The process of retooling a plant can take years. It’s often a longer process for a brand-new model, than for a vehicle like the CR-V Hybrid, which is based on the current CR-V model.

Worker training

One of the major challenges when retooling a plant is minimizing the impact any changes will have on the assembly line workers and other associates. “We try to keep the way they interface with the automation as consistent as possible,” Buzdugan explains. “We consider everything, including how they will interact with things like the touchscreens. We can change the automation, but if we make the interface similar to what they’re used to, that helps.”

Training assembly line associates can take weeks. “There’s a significant process that production associates go through to train for new models, because of all the process changes,” Buzdugan adds. “But then there’s all the technical training for our equipment, services and maintenance associates. We have an internal technical training centre, inside our facility, where we have experienced associates going through courses on technical topics like robots, PLCs and more.”

Planning for the future, Honda also brings training to schools, with the aim of teaching the next generation of technicians. “Our goal is to be proactive,” Buzdugan says, “so we work with universities and colleges where the faculty, along with mentors from Honda Canada Manufacturing train students on the automation technologies we use in our plant. When we hire candidates, we’d like them to already know a lot about the technologies we use.”

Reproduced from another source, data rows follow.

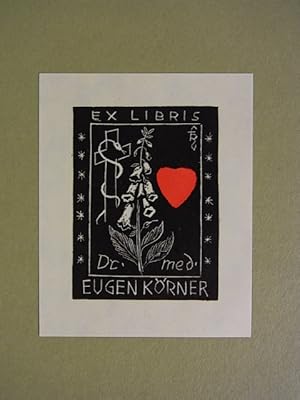 Imagen del vendedor de Exlibris fr Dr. med. Eugen Krner. Motiv: skulapnatter an Kreuz, daneben Digitalispflanze und Herz. Holzstich a la venta por Antiquariat Weber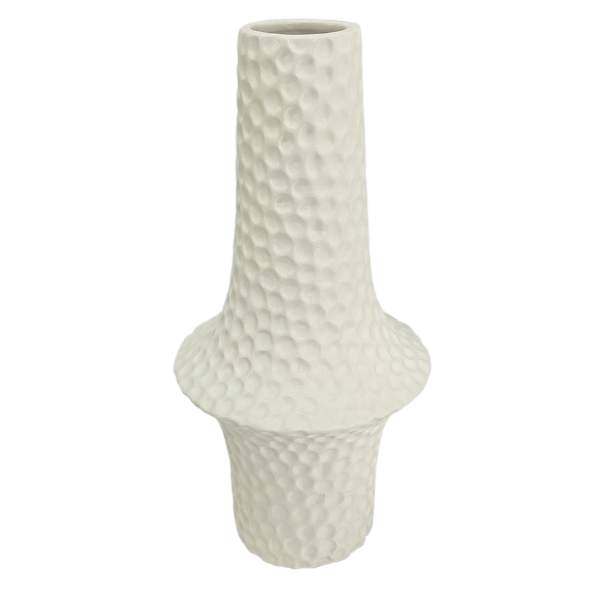 Found & Fable White Hammered Vase, 10"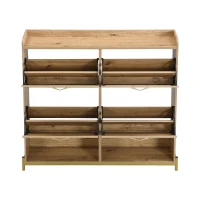 Space-Saving Shoe Cabinet with 4-Door Storage, Ideal Shoe Rack for Entrance Areas or Corridors, 108.5L x 24W x 100H cm, Natural(m-10)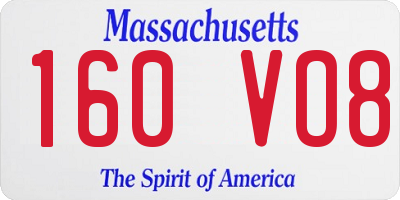 MA license plate 160VO8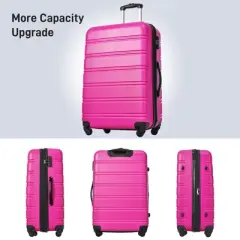 MAYEERTY Hardside Luggage Sets 4 Pieces with Bag Spinnner Suitcase with Lock 16inch 20inch 24inch 28inch Pink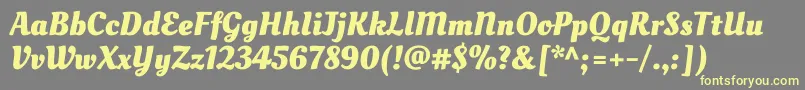 OleoscriptBold-fontti – keltaiset fontit harmaalla taustalla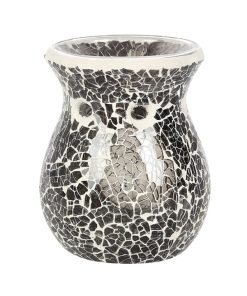 Small Gunmetal Grey Crackle Oil Burner - Image 2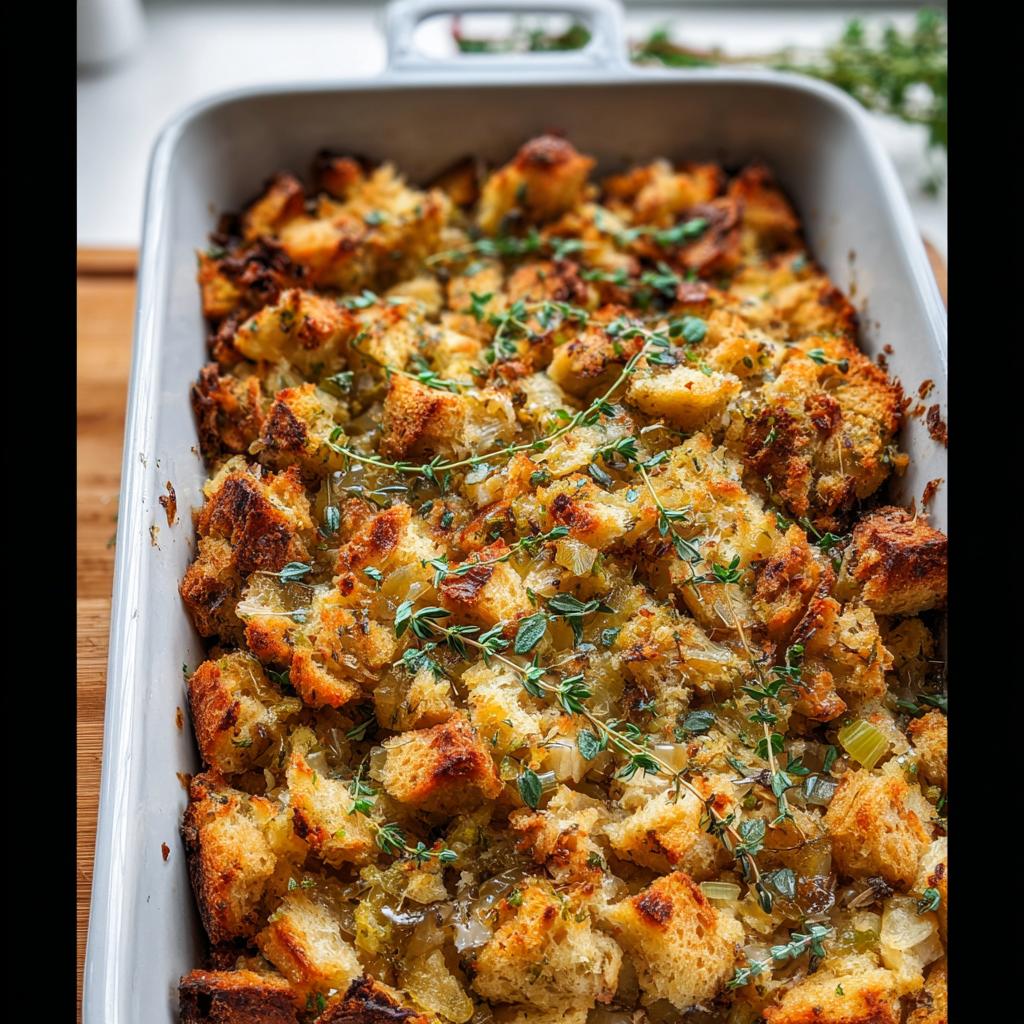 Close-up of a baking dish filled with golden-brown stuffing, garnished with fresh thyme sprigs.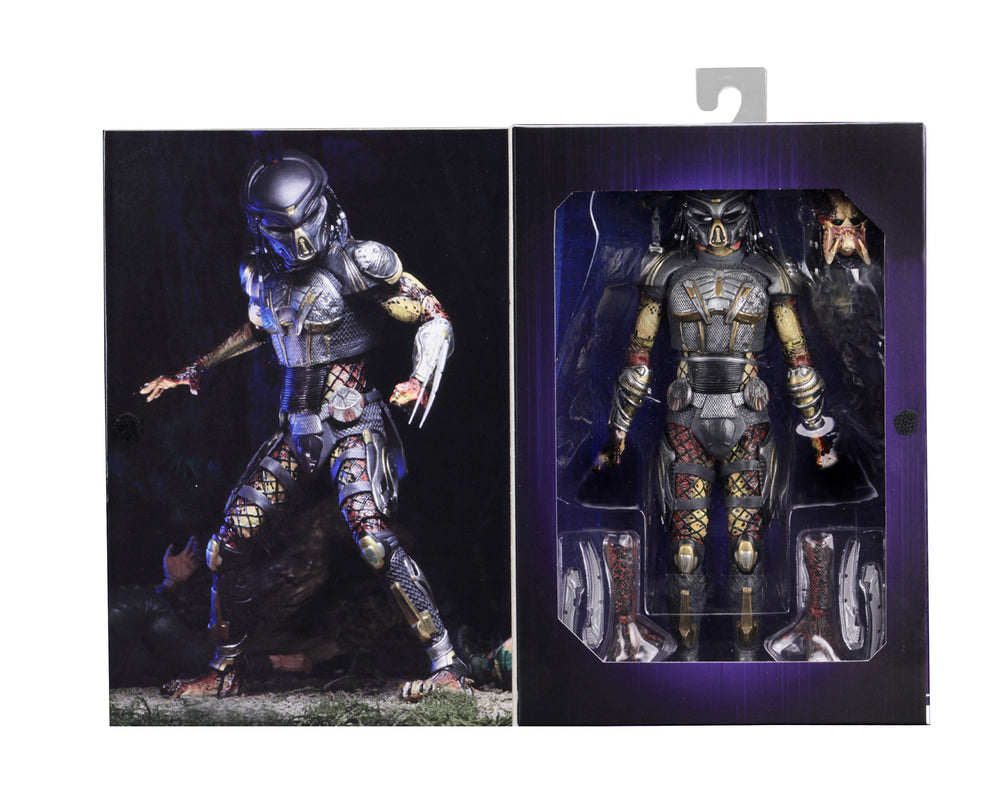 NECA Predator 2018 unmasked-head reveals intricate features for dynamic scenes.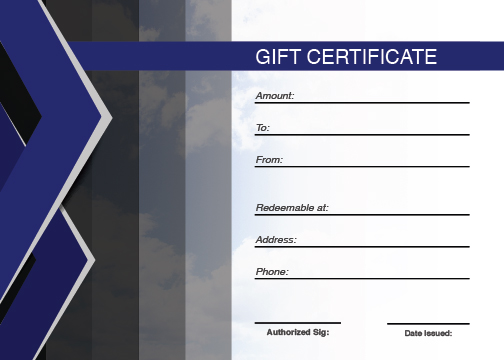 Dark Blue – Gift Certificate Template for Window Tinting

Whenever an upgrade or an update to a plant is needed, Honda plans the retooling process with the future in mind. Continuous improvement is a key concern, as is future-proofing the facility. “We like to set ourselves up for future success,” Buzdugan concludes. “Within reason, we want to assure that we have the flexibility to take on future models, or future variation of existing models while staying focused on key elements like efficiency, product quality and worker safety.”